One of my mentors told me that I wouldn't be a chef until I had made my first 5,000 mistakes. :~)
Mistakes have the potential to teach me much more than when I do things correctly because when I do things correctly I am too busy patting myself on the back and saying "well what did you expect?". When I make a mistake I will delve into and pay attention to the why and how much more than when something turns out.


----------



## chefwriter (Oct 31, 2012)

Where did you get the idea that chefs with a certain amount of experience never make mistakes? 
What do you consider a mistake? Making new mistakes is a part of learning. 
Sure you should never stop learning but you never reach the point where you avoid mistakes entirely. 
What your chefs see is someone who works hard to do their best. Less stress over making mistakes and more concentration on simply doing the work should help you some. My only advice without knowing you is to mentally slow down a little and focus on doing each task correctly from start to finish. This may seem strange advice but better efficiency allows you to complete the overall day with fewer errors. Over time you build up speed at doing multiple tasks but by concentrating on each one at a time. 
Eventually you may notice that certain tasks become almost automatic and you have become proficient without realizing it. Then you move on to more challenging tasks and conquer them.


----------



## Seoul Food (Sep 17, 2018)

Making mistakes is one thing, and making the same mistakes over and over is another. No one is perfect and we can all learn regardless of position in a kitchen. The important thing is to learn from them. I never really make a big deal out a mistake with my staff unless it is a huge health or safety issue, but if it becomes a repeat problem then it has to be readdressed.


----------



## linecookliz (Jun 8, 2017)

I used to worry about this all of the time when I first started out. The great thing about a kitchen is team effort and understanding. Slowing down a bit is good advice because you can focus more on the task. Plus, a more experienced cook can always help you if they aren't busy. At some restaurants other cooks have helped me with my prep to help 'pick up the slack', and along the way I improved to where I could help newer people when they were struggling. As long as you show effort, progress and have a good attitude you'll be just fine. You can always ask your chef for advice if you feel you're doing terrible. Most of the time they will reassure you and give you some helpful tips. Just breathe and get the negative thoughts out of your mind. Those will slow you down a lot more than a couple mistakes here and there. Keep at it and stay positive! A good attitude goes a long way in a kitchen.


----------



## Seoul Food (Sep 17, 2018)

linecookliz said:


> I used to worry about this all of the time when I first started out. The great thing about a kitchen is team effort and understanding. Slowing down a bit is good advice because you can focus more on the task. Plus, a more experienced cook can always help you if they aren't busy. At some restaurants other cooks have helped me with my prep to help 'pick up the slack', and along the way I improved to where I could help newer people when they were struggling. As long as you show effort, progress and have a good attitude you'll be just fine. You can always ask your chef for advice if you feel you're doing terrible. Most of the time they will reassure you and give you some helpful tips. Just breathe and get the negative thoughts out of your mind. Those will slow you down a lot more than a couple mistakes here and there. Keep at it and stay positive! A good attitude goes a long way in a kitchen.

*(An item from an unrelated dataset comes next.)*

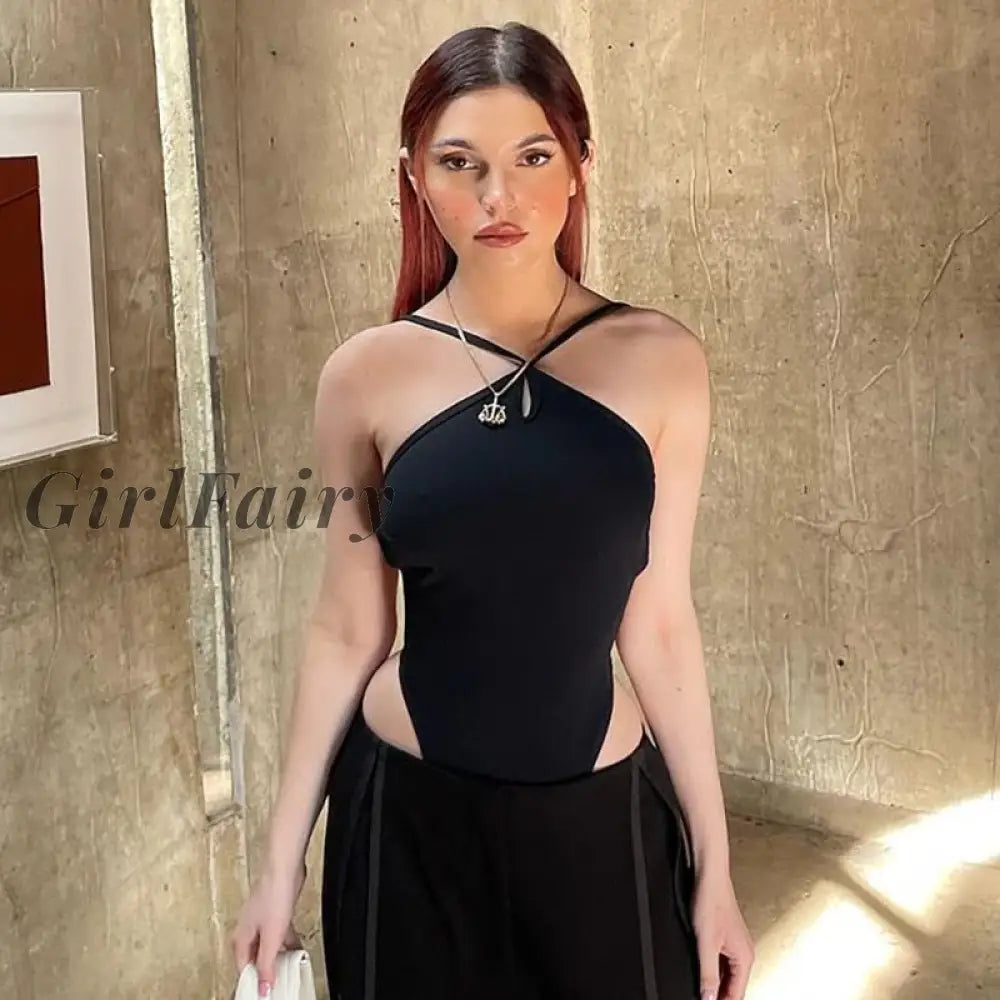 Girlfairy 2023 Summer Womens Sexy Bodysuit Sleeveless Cut Out Bandage Backless Casual Party Club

I don't think people realize often enough that if you show you are a hard worker and a nice person, your coworkers will be much more willing to help you. And always return the favor if you can.


----------



## linecookliz (Jun 8, 2017)

Seoul Food said:


> I don't think people realize often enough that if you show you are a hard worker and a nice person, your coworkers will be much more willing to help you. And always return the favor if you can.

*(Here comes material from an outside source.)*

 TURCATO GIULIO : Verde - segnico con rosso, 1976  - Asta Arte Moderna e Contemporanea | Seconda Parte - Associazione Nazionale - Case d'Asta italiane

I definitely can attest to that! I've been fired for having a horrible attitude but never for being slow in the kitchen. I had to take a hard look at myself and change some things. Lots of lessons learned in the kitchen that people wouldn't expect.


----------



## Culinaryj (May 15, 2020)

Everyone the advice you gave me on this post has greatly boosted my confidence and my ability to accept my mistakes. Even though my techniques are still somewhat flawed I still strive to maintain the level pf consistency that my chef's expect. My attitude everyday towards my chef's and coworkers is consistent in being friendly and helpful yet also wanting to learn from them. I try on that part at least haha, sometimes my anxiety gets in the way but I'm sure that I can overcome that through experience and time. I still have a long road ahead and I hope to learn from all,of you and be the best possible,chef I can be


----------